§ **TASK GOAL**
Pictures aside, reproduce exactly each line from the one holding "EpiPhone Les Paul Custom Alpine White" through the last line of the material, both ends included.

§ **RECORDED DATA**
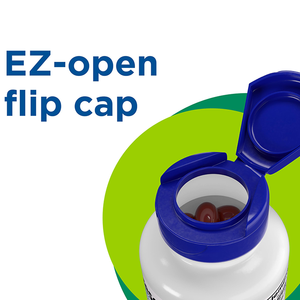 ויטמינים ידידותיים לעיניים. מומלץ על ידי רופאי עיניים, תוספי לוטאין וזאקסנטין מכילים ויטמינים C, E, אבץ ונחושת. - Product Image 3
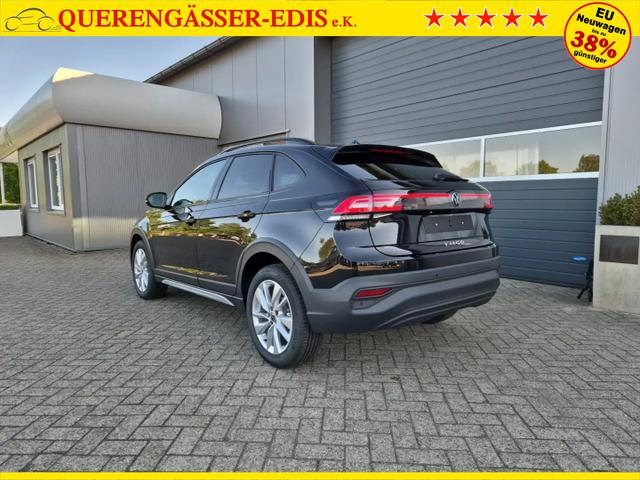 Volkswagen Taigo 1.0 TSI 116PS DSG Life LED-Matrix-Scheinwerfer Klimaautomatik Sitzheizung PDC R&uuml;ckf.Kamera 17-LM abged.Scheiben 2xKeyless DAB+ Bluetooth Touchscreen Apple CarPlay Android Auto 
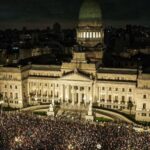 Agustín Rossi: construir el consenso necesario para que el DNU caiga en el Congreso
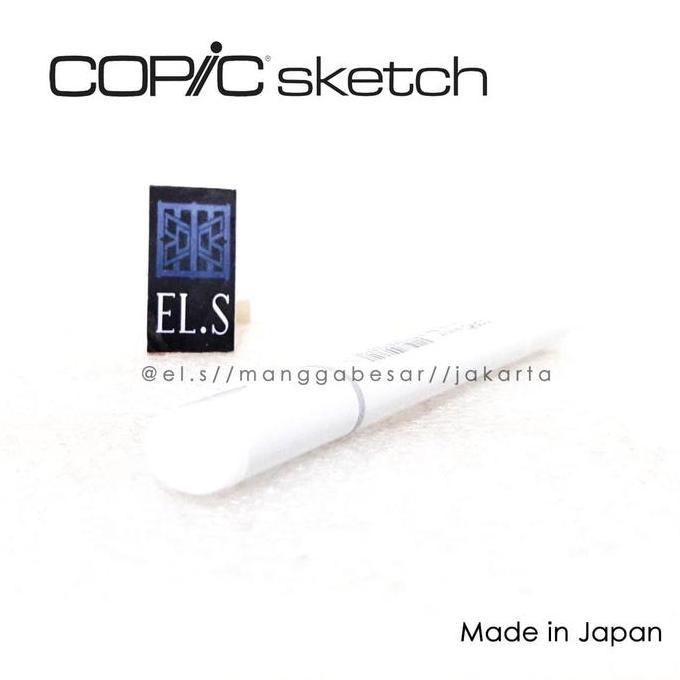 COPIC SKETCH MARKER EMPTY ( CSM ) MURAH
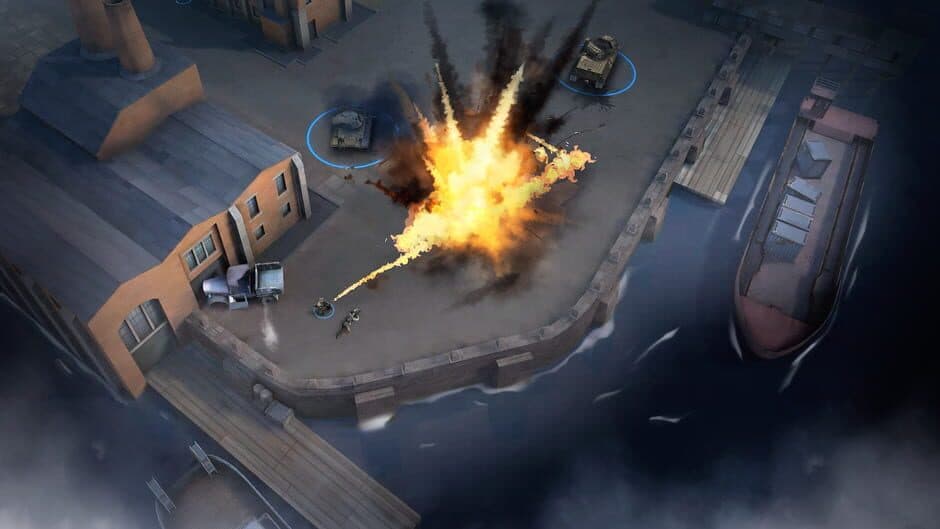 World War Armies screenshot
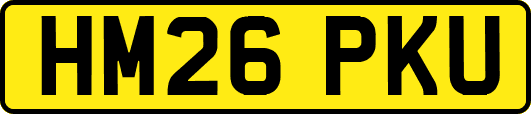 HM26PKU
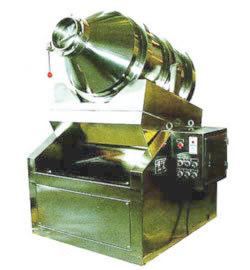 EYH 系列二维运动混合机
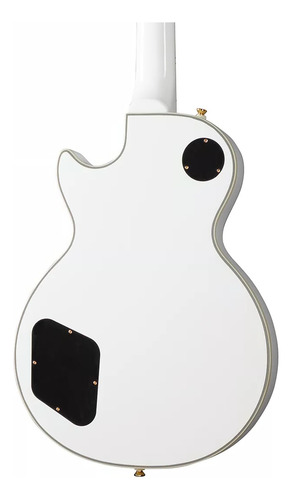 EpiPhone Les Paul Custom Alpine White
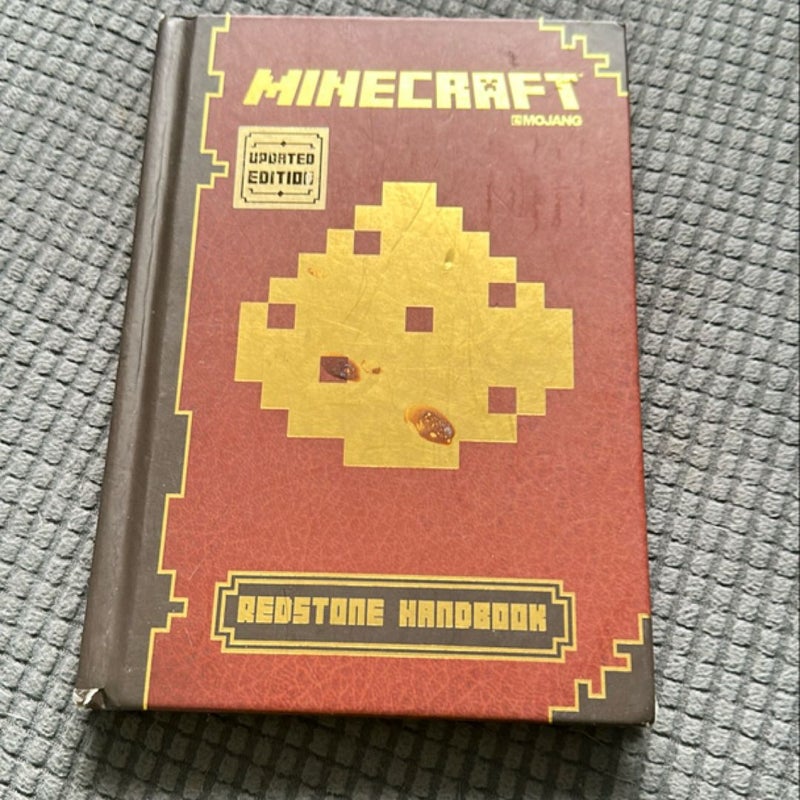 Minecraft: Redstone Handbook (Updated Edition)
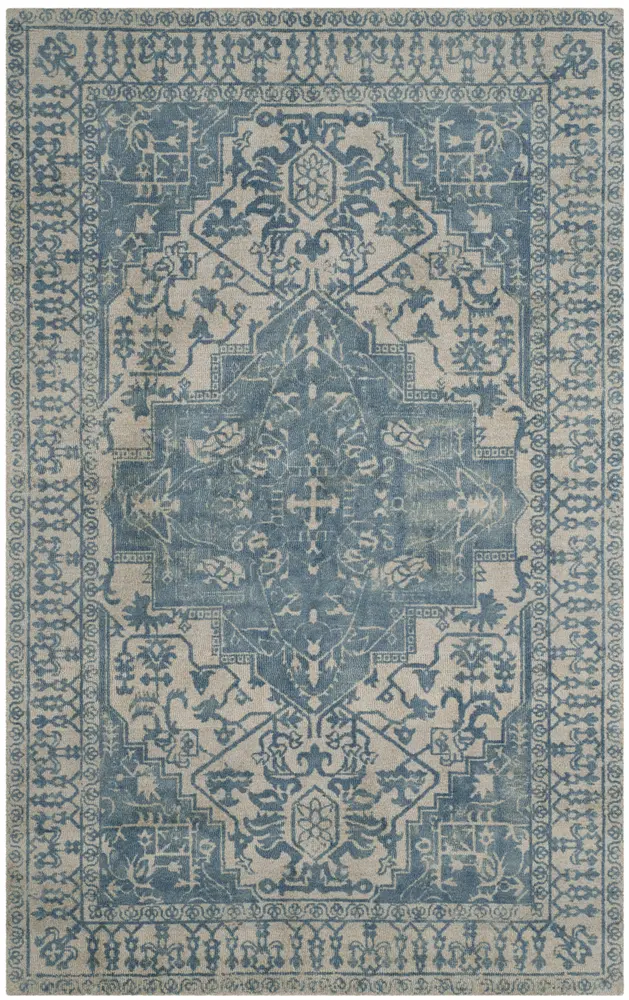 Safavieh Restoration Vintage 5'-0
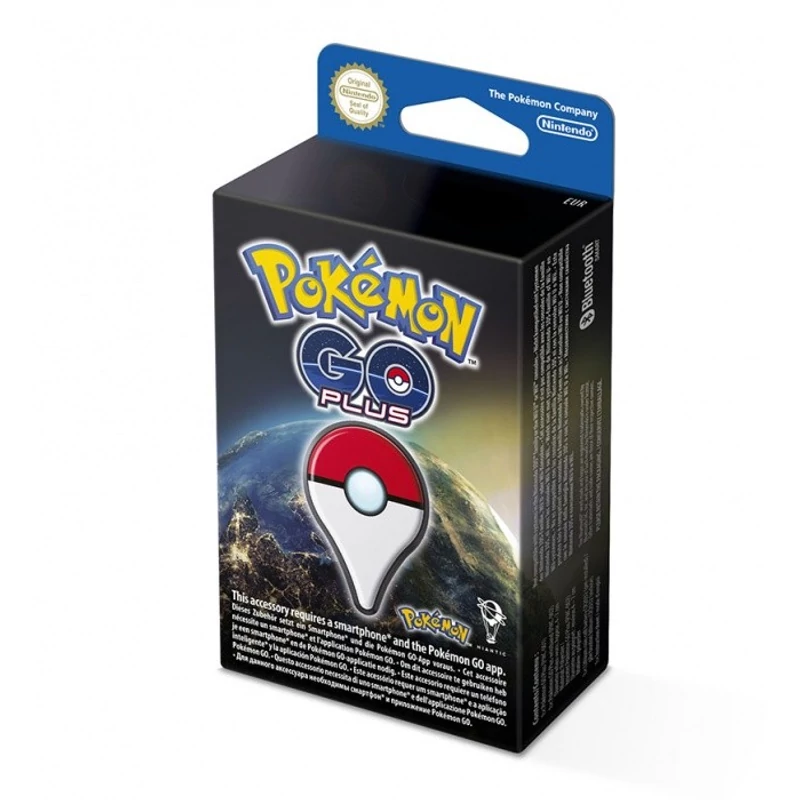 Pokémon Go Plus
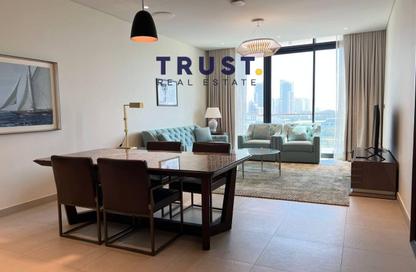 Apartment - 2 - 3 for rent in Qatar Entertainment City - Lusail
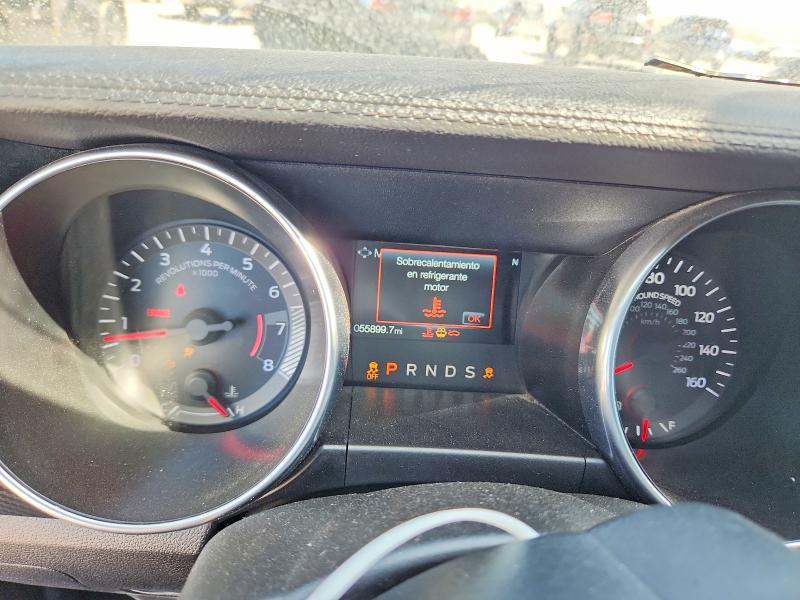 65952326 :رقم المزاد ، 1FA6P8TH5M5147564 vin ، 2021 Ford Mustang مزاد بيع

§ **RESULT OF THE EXERCISE**
 EpiPhone Les Paul Custom Alpine White
 Minecraft: Redstone Handbook (Updated Edition)
 Safavieh Restoration Vintage 5'-0
 Pokémon Go Plus
 Apartment - 2 - 3 for rent in Qatar Entertainment City - Lusail
 65952326 :رقم المزاد ، 1FA6P8TH5M5147564 vin ، 2021 Ford Mustang مزاد بيع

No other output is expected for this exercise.